It's a bit of kink that sets the generally frothy piece in motion: Harry (Zach Braff), an unhappily married nebbish -- who's become a multimillionaire from the sale of a dot.com he founded -- visits a dominatrix on a "whim." Their session doesn't go as either of them planned and soon, Harry, who's learned that the woman's real name is Prudence (Sutton Foster), is asking if she'll have coffee with him.
Prudence's entry into Harry's world proves to have not only profound repercussions on him, but also on his depressed, passively aggressive wife Aleeza (Ari Graynor) and on Prudence's arrogantly genius boyfriend Morton (Bobby Cannavale), a man with anger issues and a bit of a gambling problem.

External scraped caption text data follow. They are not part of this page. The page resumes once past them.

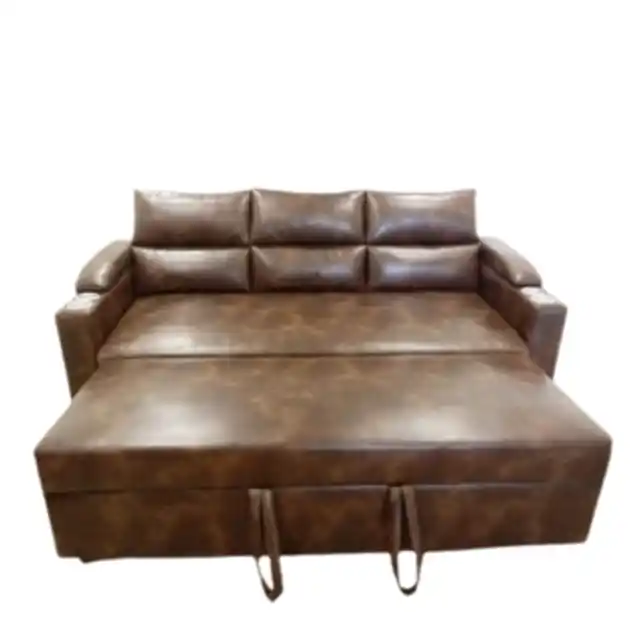 โซฟา รุ่น IND-SPACRO: 2.1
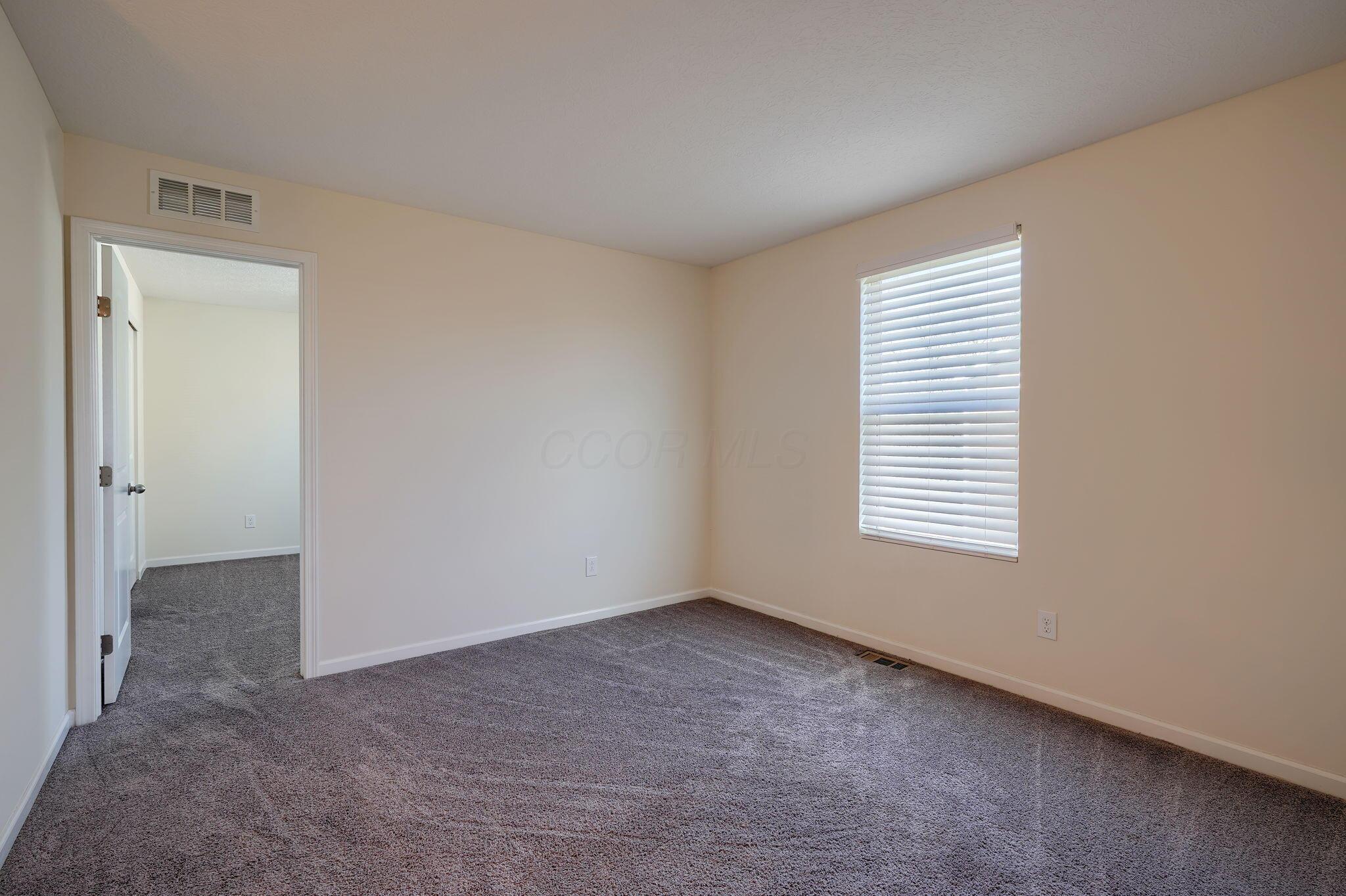 743 Clymer Street Property Photo 34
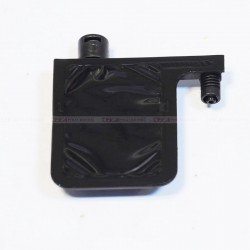 Mutoh UV ink damper for VJ-1204 1604 4-3mm big size 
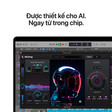 MacBook Pro 14 M5 Pro 24GB 1TB 5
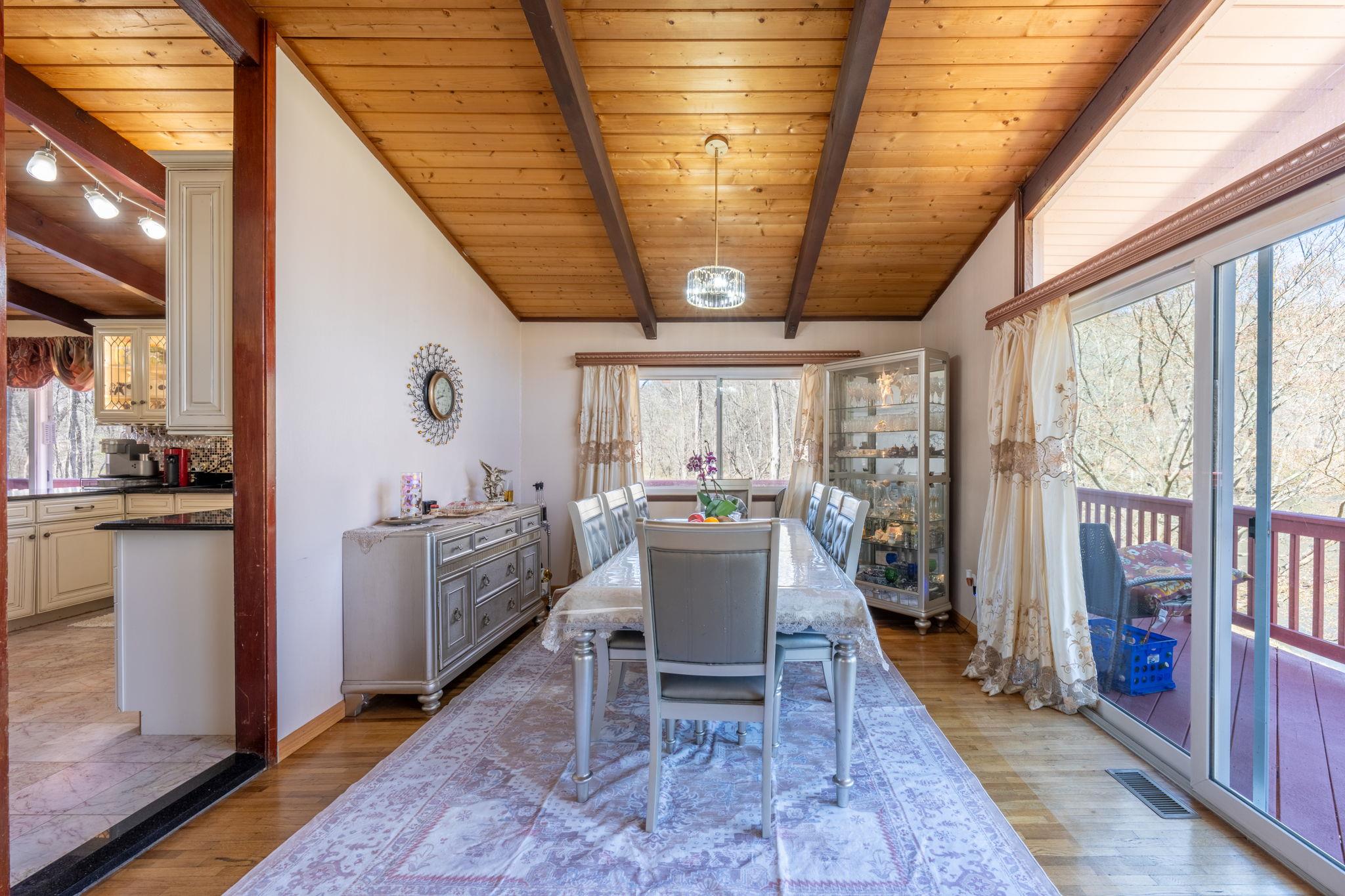 810 Haverstraw Road, Airmont, New York image 6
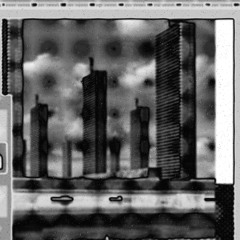 loop1 2025-12-02 0634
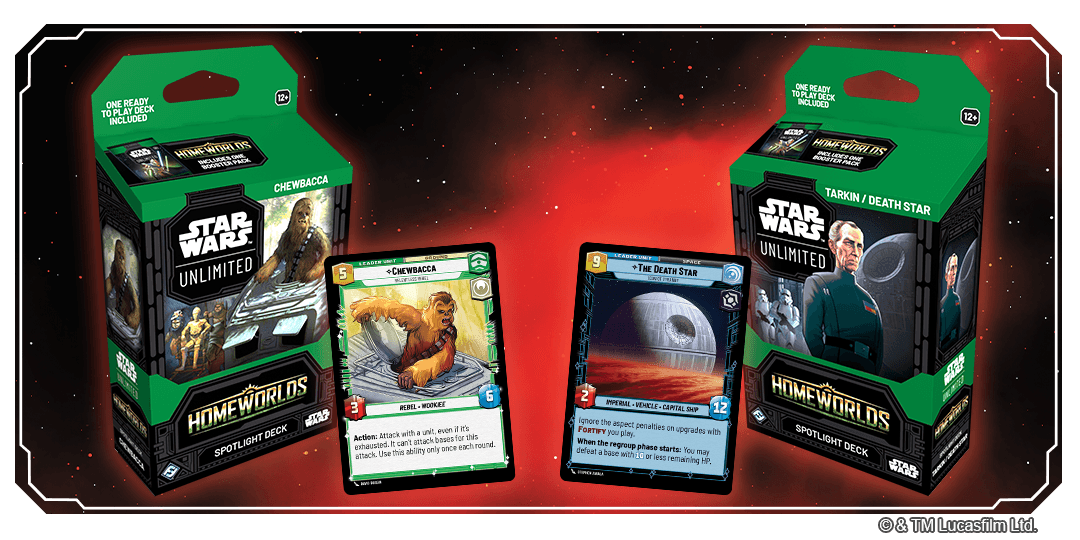 SWH09_Article_Spotlight-Decks_Splash_Boxes_EN.png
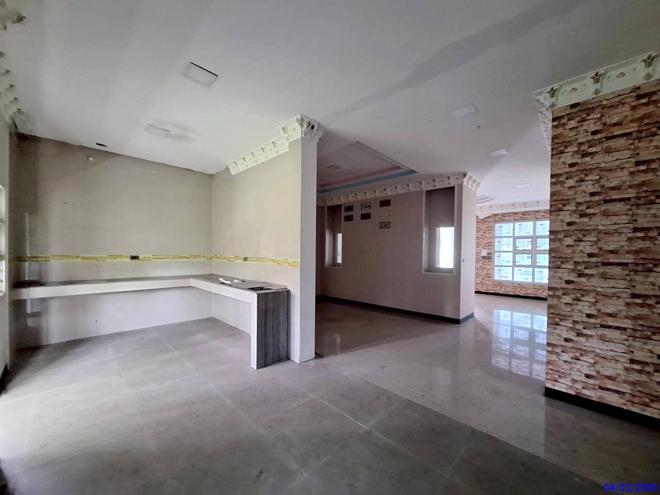 picture HOME 184.5 Sq.w. Muang Phatthalung Phatthalung for 6.5M - 5/28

Weitz's set-up, from the brilliantly played opening scene in Prudence's dungeon to the moment when she and Aleeza discover that they might have more in common than either of them might have imagined, proves to be not only intriguing, but also the stuff of jaunty contemporary comedy. However, once Morton, who often seems as if he has stepped out of a play by David Mamet, has been introduced, Trust falters, and as Weitz schematically demonstrates that each of the characters is not the sort of person that they believe themselves to be, he also compounds the play with an unconvincing blackmail plot, tortured childhood secrets, and the inevitable romance between Harry and Prudence.
With each twist and turn in the script, though, the actors offer up keenly observed performances. Braff, with a winsome smile and a slightly boyish demeanor, makes Harry's nerdiness exceedingly appealing. He's deft with both physical and verbal comedy and can deliver some of Weitz's most cutting remarks with aplomb. When he tells Morton that "if you're gonna fuck someone's life...you better make sure you have a hard on," Braff makes it both hysterical and vaguely chilling.
Similarly, Foster (who looks equally at home in S&M gear and summer dresses both carefully chosen by costume designer Emilio Sosa) navigates the script with decided grace. And while it's no surprise that she can land Prudence's dry quips with finesse, the actress brings a sense of sadness and menace to the part that startles. Graynor and Cannavale deliver admirably, tackling Aleeza and Morton's sometimes enigmatic and contradictory actions with decided commitment.
Dubois' production unfolds with ease within the confines of grungy tiled space from scenic designer Alexander Dodge, which converts easily to various locations around Manhattan with a geometric chicness, that visually underscores the boxes of self-identification from which the characters emerge.